• **AIM OF THE TASK**
Transcribe, leaving out every picture, the lines that run from the start of the listing below through the line with "To summarize: workflow".

►

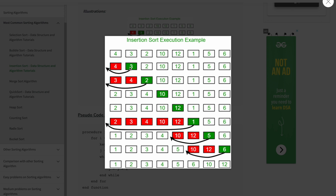For example: is two less than four? Yes, so four shifts here. Is two less than three? Yes, so three shifts here. Now we are at the beginning of the array, so two goes here — that gives us two, three, four. Now take ten: is ten less than four? No, so we stop there — no replacement needed. This is basically how insertion sort works.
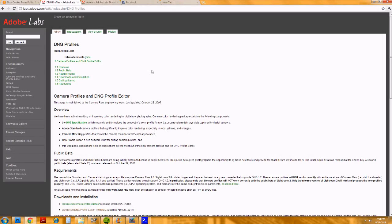Hi, welcome to another Phil Ball Photography tutorial. I have a quick one today about color profiles and the DNG profile editor that you can download from Adobe Labs.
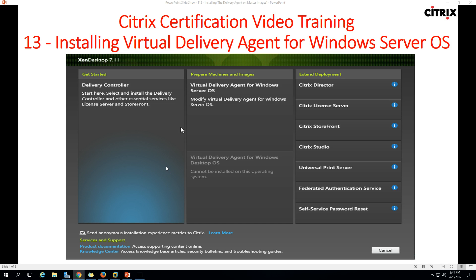Hi friends, welcome to my channel. This is a Citrix certification video training series, and this is the 13th video. Today I'm going to show you how to install the Virtual Delivery Agent on Windows Server OS.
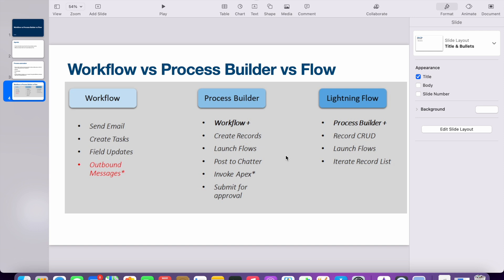To summarize: workflow can only do four things — send email, create task, field update, and outbound messages. Process builder can do those four plus create records, launch flows, post to Chatter, invoke Apex, and submit for approval. Lightning Flow is very similar to process builder but has additional capabilities. As per Salesforce's recommendation, if you want to use process builder, it is better to go for flow. Thank you for listening.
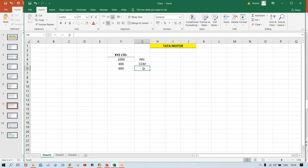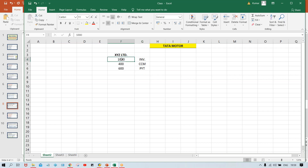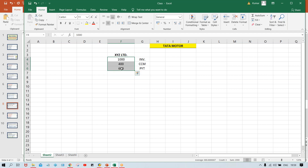Then finally we are going to receive a payment worth 600. So now: 1,000 worth of invoice we have posted, 400 worth of credit memo is there, and 600 worth of payment we have received. So how will we come to know which one is the invoice, which one is the credit memo, and which one is the payment? With the help of document type — whichever documents are getting posted in SAP, they will always be posted against a particular document type.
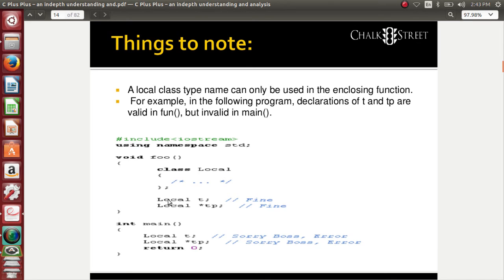In the slide, you can see I have tried to create an object for the local class inside the function itself — that is okay. I also create a pointer to the local class with 'Local* PP' — that is also fine and absolutely legal. But when I try to access it from main with 'Local T', I cannot create an object outside the function scope. Similarly, 'Local* TP' is also not permitted. I cannot do anything outside the function scope — this is illegal. Make sure when using a local class, you restrict access only to the function.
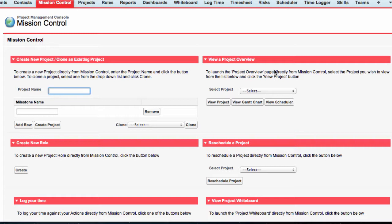However, there is a standard set of reports and a dashboard included in the Mission Control Package. To access the dashboard, click on the Dashboards tab within Salesforce.com.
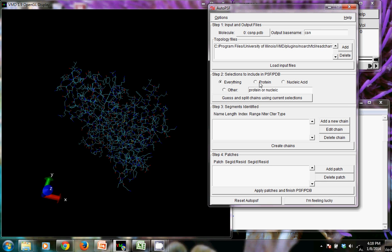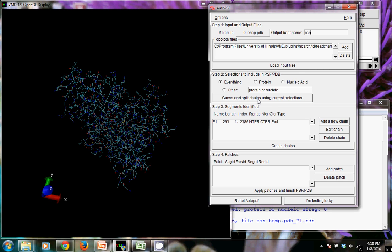Then we want to guess and split chains using current selections. And you may see some things happen if you have the TK console open in the background, but it will make a guess at the chains that you have in your molecule. It's telling us we have 293 amino acids here.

◄

• **RESPONSE**
For example: is two less than four? Yes, so four shifts here. Is two less than three? Yes, so three shifts here. Now we are at the beginning of the array, so two goes here — that gives us two, three, four. Now take ten: is ten less than four? No, so we stop there — no replacement needed. This is basically how insertion sort works.
Hi, welcome to another Phil Ball Photography tutorial. I have a quick one today about color profiles and the DNG profile editor that you can download from Adobe Labs.
Hi friends, welcome to my channel. This is a Citrix certification video training series, and this is the 13th video. Today I'm going to show you how to install the Virtual Delivery Agent on Windows Server OS.
To summarize: workflow can only do four things — send email, create task, field update, and outbound messages. Process builder can do those four plus create records, launch flows, post to Chatter, invoke Apex, and submit for approval. Lightning Flow is very similar to process builder but has additional capabilities. As per Salesforce's recommendation, if you want to use process builder, it is better to go for flow. Thank you for listening.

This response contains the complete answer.